That’s exactly what I had been considering. I just didn’t know anything about the mechanics of it.


----------



## AdamKmusic (Sep 11, 2020)

DimensionsTomorrow said:


> That’s exactly what I had been considering. I just didn’t know anything about the mechanics of it.


Do you mean as in approaching a library? I guess just research some & find out what kind of syncs then tend to get. The library I mostly write for focus on underscore for drama & real life documentary shows so perfect for broody tension & textural tracks which is what I love writing


----------



## DimensionsTomorrow (Sep 11, 2020)

AdamKmusic said:


> Do you mean as in approaching a library? I guess just research some & find out what kind of syncs then tend to get. The library I mostly write for focus on underscore for drama & real life documentary shows so perfect for broody tension & textural tracks which is what I love writing



Yes. Finding libraries, approaching libraries, if there is a standard track length, etc.

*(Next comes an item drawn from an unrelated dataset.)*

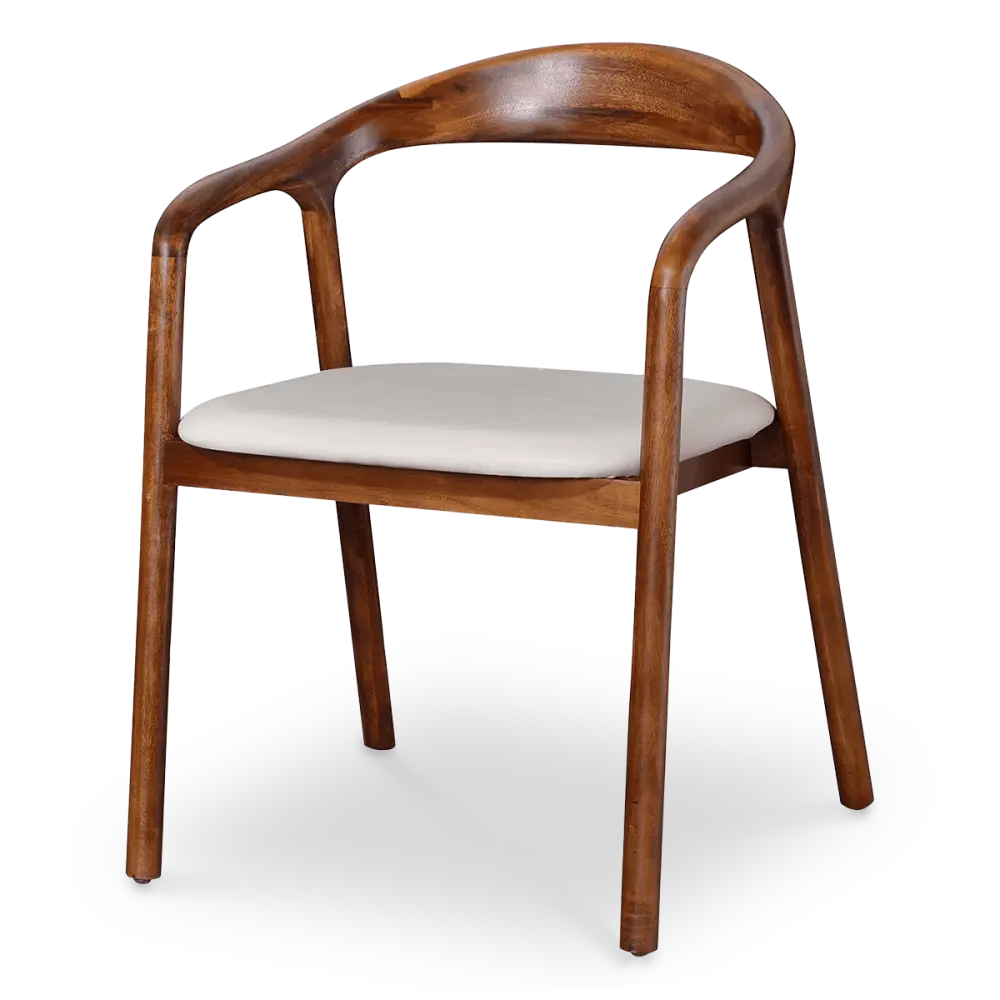 Artson Eetkamerstoel | Notenhout | Wit PU Leer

That’s awesome that you have found a library that is a good fit for your stuff. It’s good to know that it can be done!


----------



## AdamKmusic (Sep 11, 2020)

Between 2-3 mins is the standard with a clear structure like an intro section 1 1 B / middle / section 2 / 2b ending or outro


----------



## DimensionsTomorrow (Sep 11, 2020)

Vin said:


> The Composer's Guide to Library Music
> 
> 
> 
> ...



That book looks great! I just read the free chapter. Thanks!


----------



## DimensionsTomorrow (Sep 11, 2020)

AdamKmusic said:


> Between 2-3 mins is the standard with a clear structure like an intro section 1 1 B / middle / section 2 / 2b ending or outro



Thanks very much! This is very helpful!


----------



## muk (Sep 12, 2020)

How comes nobody mentioned Dan Graham's Sound on Sound articles about library music? It's a ten part series that covers all the basics. That's definitely where you should start investigating:






All About Library Music: Part 1


Production music is rarely glamorous, but it can be very lucrative. In the first of a major new series, we explain how to get your foot in the door.




www.soundonsound.com


----------



## CGR (Sep 12, 2020)

AdamKmusic said:


> I would say write an album of stuff you like writing then maybe pitch that to library. I think that’s how I got started, I’ve only been doing it around 1 1/2 year.

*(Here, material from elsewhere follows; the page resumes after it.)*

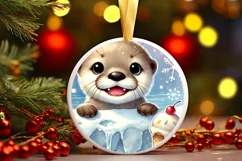 Round Christmas Ornament Sublimation|Clipart Product Image 2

This is great advice. Trying to pull off a style that's just not your thing is a challenge, and often comes across as a pale imitation of the real deal. Not saying you shouldn't extend yourself and explore new styles & directions, but at the very core if you do what genuinely resonates with your musical DNA, then the integrity and "realness" will shine through. I've heard the adage "write what you know" in the world of writers or novelists, and I think the same thing applies to music to a certain extent, although the production music world is a different beast, and if you're happy to write to a brief and put aside any "artistic vision" then that's OK too for some.


----------



## muk (Sep 12, 2020)

CGR said:


> and if you're happy to write to a brief and put aside any "artistic vision" then that's OK too for some.



It's an old cliché. I don't buy it. Why is it that for production music, writing to a brief is considered as putting aside any artistic vision, while film music is considered the pinnacle of creative freedom and artistic achievement? At least with some directors, film music has actually way tighter constraints than production music. Truth is, as a pure copy cat you probably won't do well in either genre. When writing production music, a few requirements have to be met: length of the track (about 2 to 2 and a half minutes), easy to edit (simple and clear cut points for the music editor), and so on. Within these requirements, you are free to express yourself.

Anyway, there are two possible ways to pitch to music libraries. Either create a full album (10 to 12 tracks) with a clear and sellable concept. Research music libraries where your album fits into their catalog. That means that your writing and production are as good or better than the music they have in their catalogue. And your album concept is something that complements the music they have, but is also something they don't already have a ton of. Then it really comes down to your writing and production, and to not give up when not hearing back or being rejected.

The second method is to create 3 or 4 tracks in different styles that you do well, that represent you as a composer. Then pitch these tracks to libraries that are looking for new writers.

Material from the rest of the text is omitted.